These are extensions to the Basis library that are specific to SML/NJ. You can find reference documentation to them in the "Special features of SML/NJ" page via the SML/NJ home page[SML].
The Unsafe API is a collection of functions that bypass the normal safety checks of the language and the Basis library. These functions are available in the Unsafe structure. It provides:
Access to the elements of arrays and vectors, including strings, without the usual subscript range checks.
Access to information about the memory representation of values.
An interface to C functions in the runtime.

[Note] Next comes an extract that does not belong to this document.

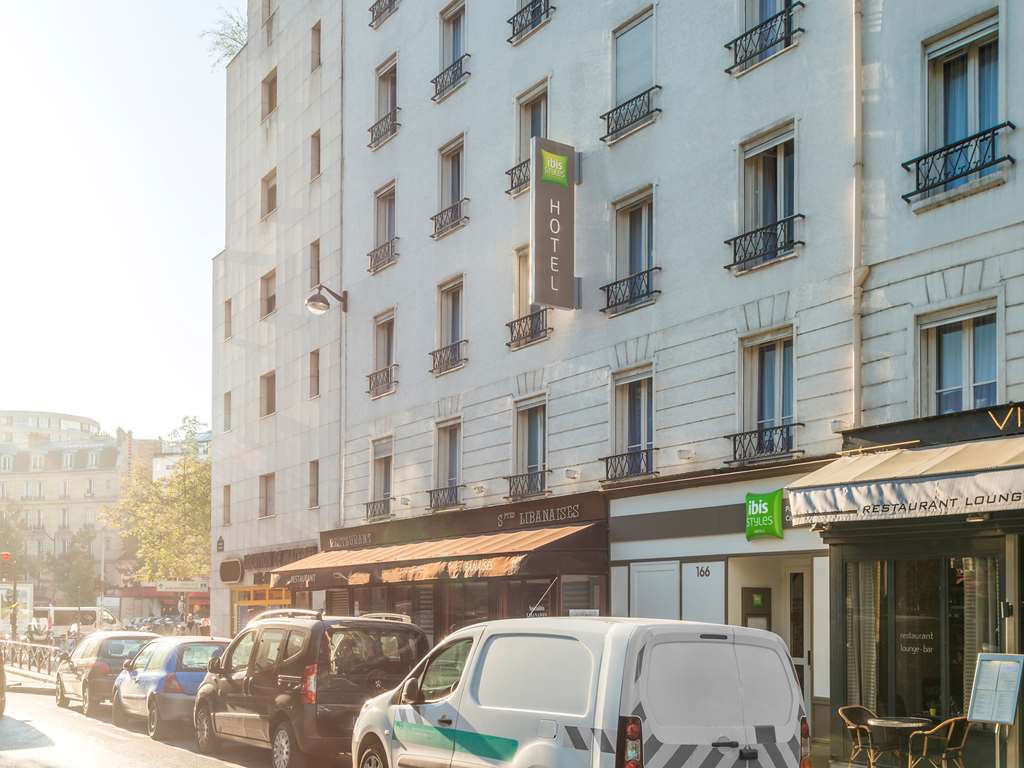 Hotel Ibis Styles Paris Eiffel Cambronne Exterior foto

Miscellaneous operations used internally by the compiler and associated subsystems.
Unchecked subscripting is used internally by the array and vector functions in the Basis library. Wherever possible you should design your code to make use of the Basis functions. Using the unchecked operations directly puts your program at risk of crashing.

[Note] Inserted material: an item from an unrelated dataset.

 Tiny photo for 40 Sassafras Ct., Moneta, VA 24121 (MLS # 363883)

The following monomorphic vectors and arrays are available.
This operates on strings, which are vectors of characters.
This operates on vectors of bytes.
These operate on arrays of characters or bytes.
This operates on arrays of double precision reals. The C equivalent would be the array type double[].[1]
These structures conform to one of these two signatures.
signature UNSAFE_MONO_VECTOR =
sig
type vector
type elem
val sub : (vector * int) -> elem
val update : (vector * int * elem) -> unit
val create : int -> vector
end
signature UNSAFE_MONO_ARRAY =
sig
type array
type elem
val sub : (array * int) -> elem
val update : (array * int * elem) -> unit
val create : int -> array
end |
So you can see that you get to update elements of vectors in place just as you can with arrays. The create functions create a vector or array of the given length with uninitialised elements.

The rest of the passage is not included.